■ Brief: Return each line exactly, from the one that has "windows container4" through the end of the entries, both ends included. Pictures do not belong.

■ Records to process:
★ ★ ★ ★ ★
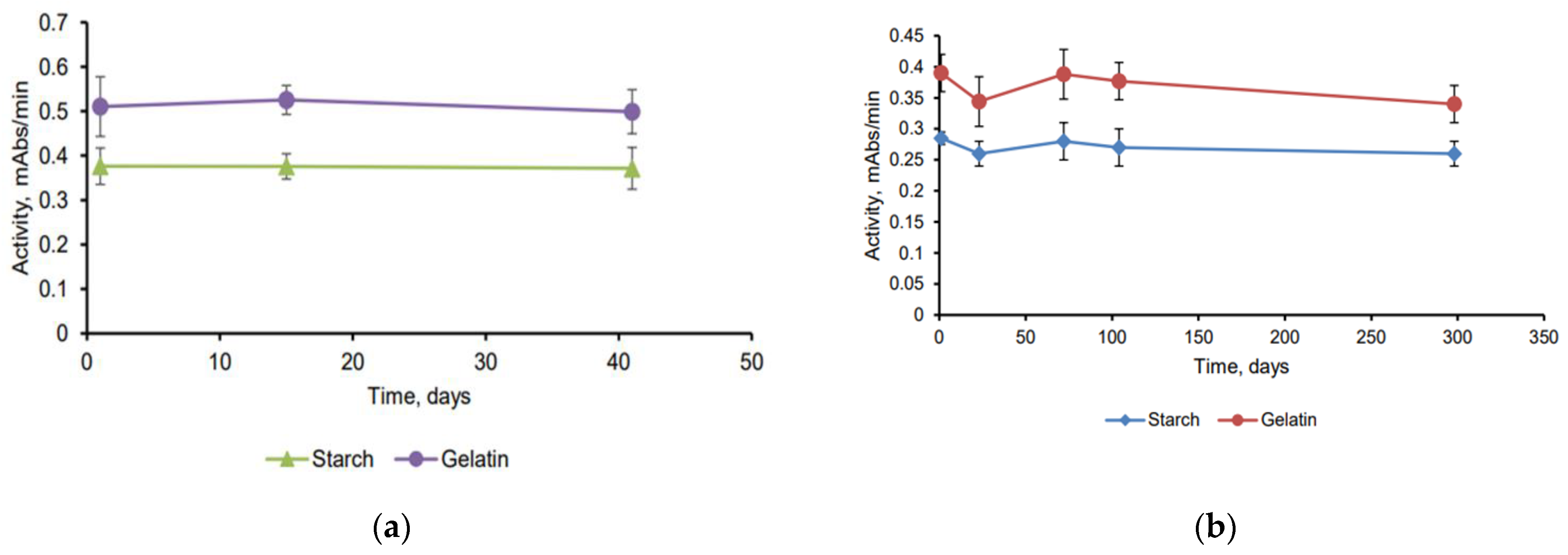 Catalysts 12 00643 g003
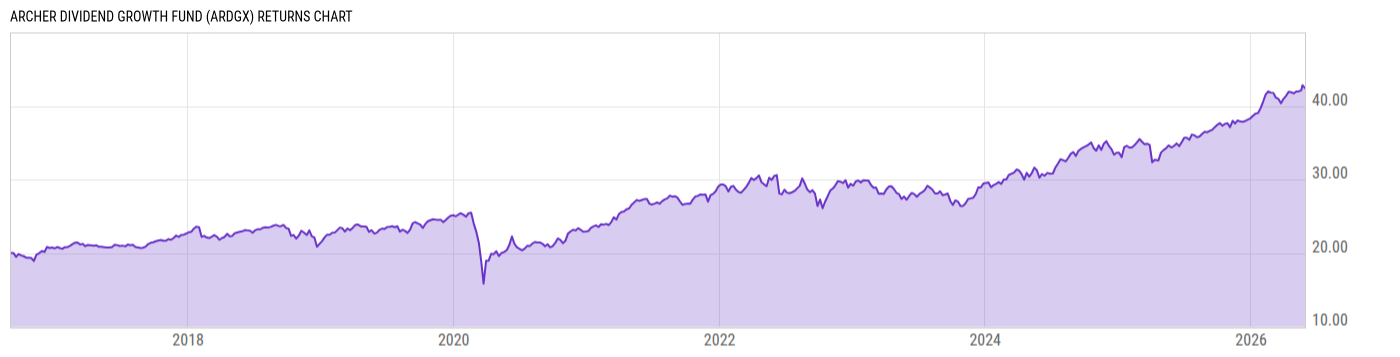 Returns Chart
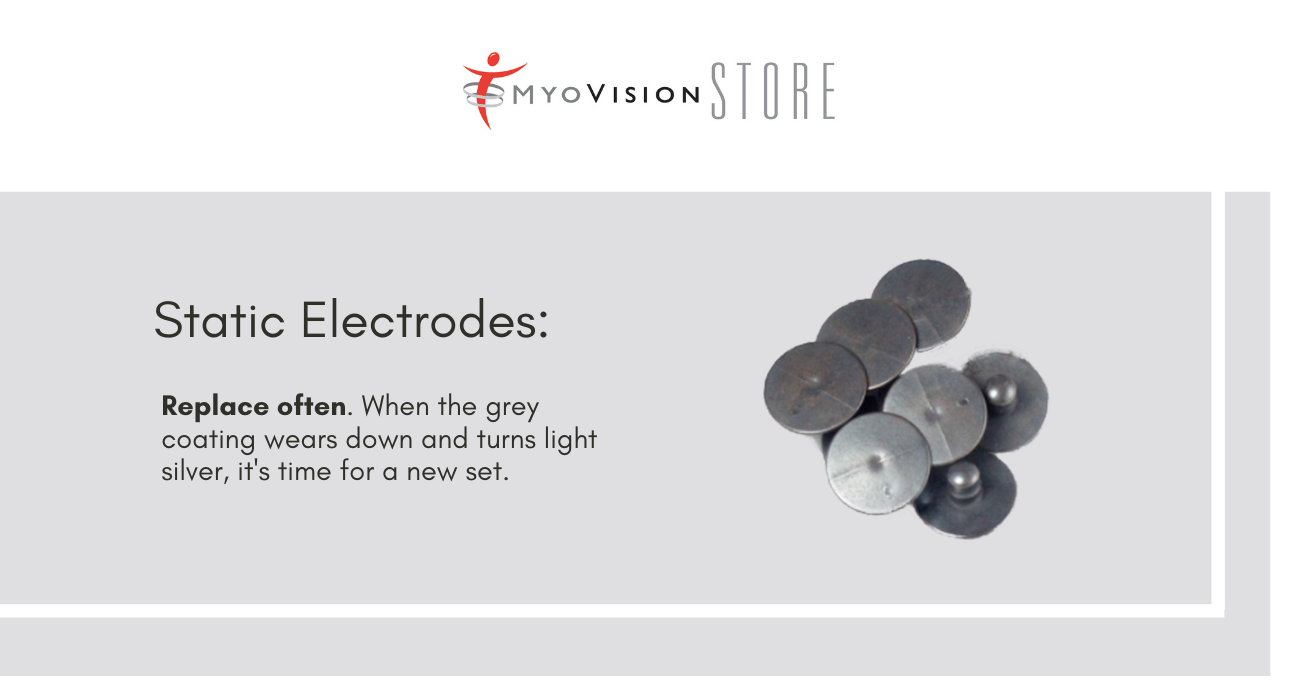 Static Electrodes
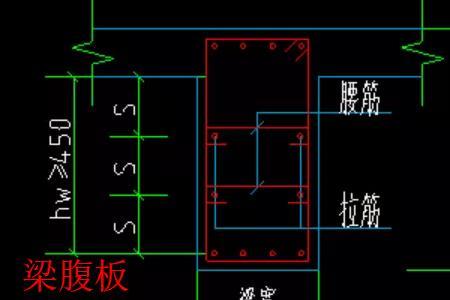梁腹板高度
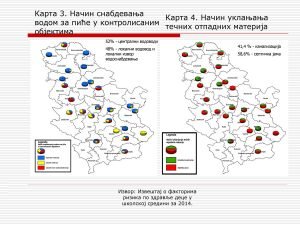 Izveštaj o faktorima rizika po zdravlje dece u školskoj sredini za 2014.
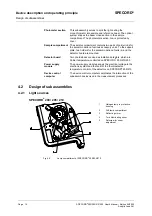 Preview for 16 page of Analytik Jena SPECORD 200 Manual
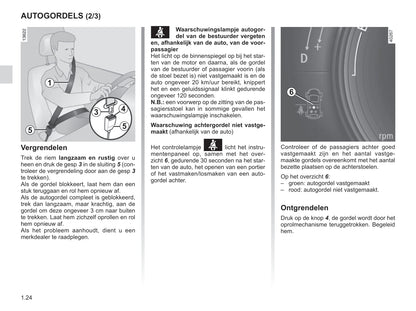 2018-2019 Renault Espace Gebruikershandleiding | Nederlands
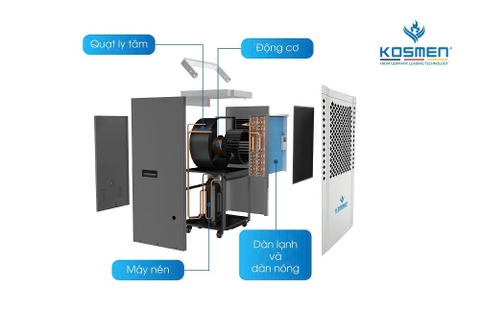 Máy hút ẩm công nghiệp Kosmen KM-150S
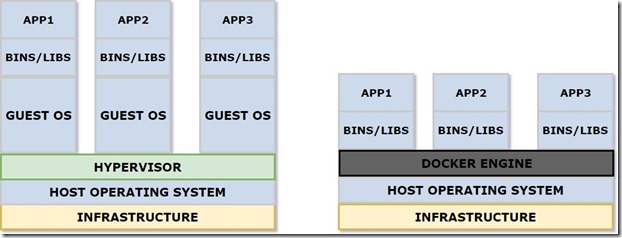 windows container4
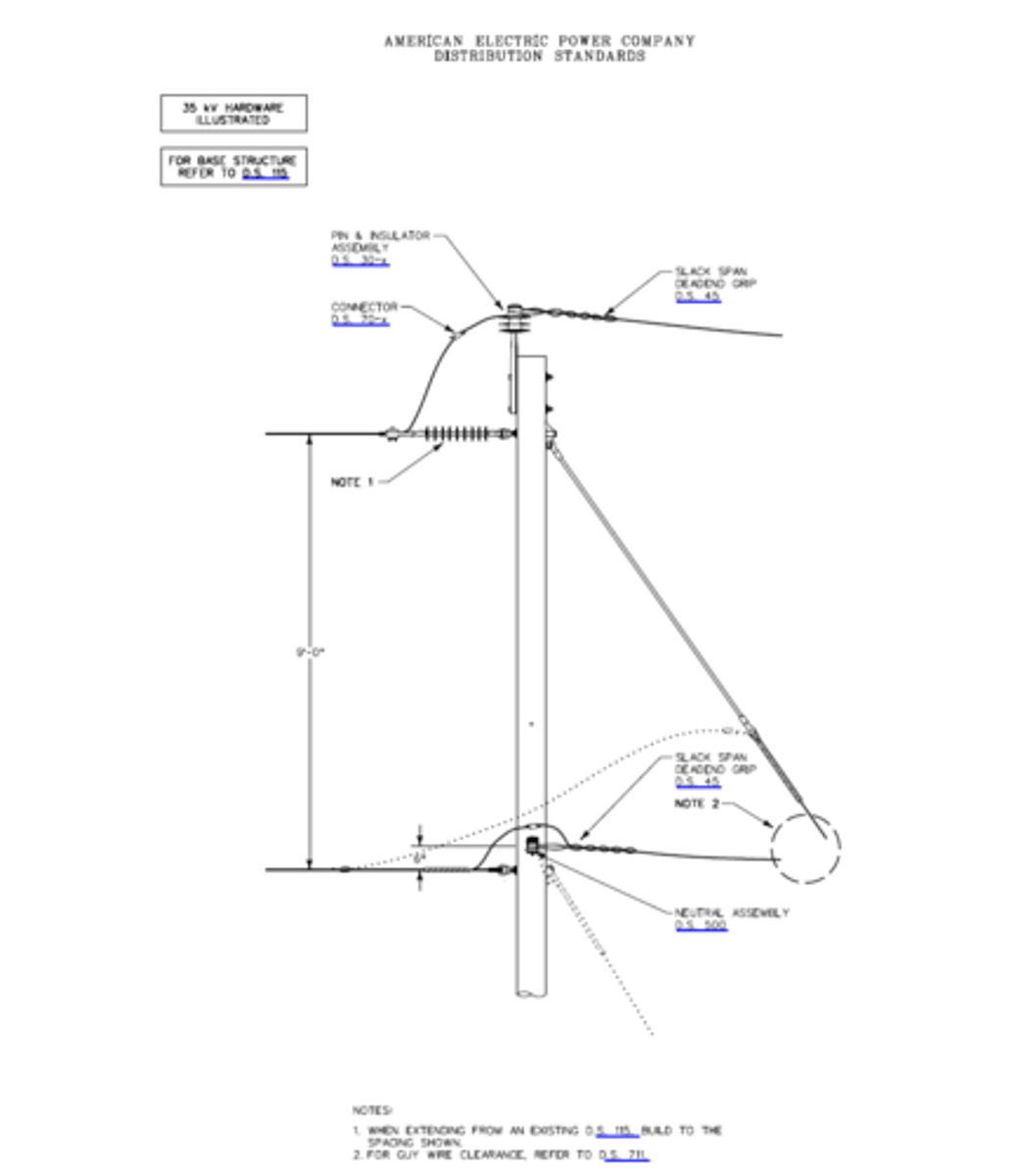 <p>SINGLE-PHASE SLACK SPAN DEADEND TAP</p>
★ ★ ★ ★ ★
■ Expected answer:
 windows container4
 <p>SINGLE-PHASE SLACK SPAN DEADEND TAP</p>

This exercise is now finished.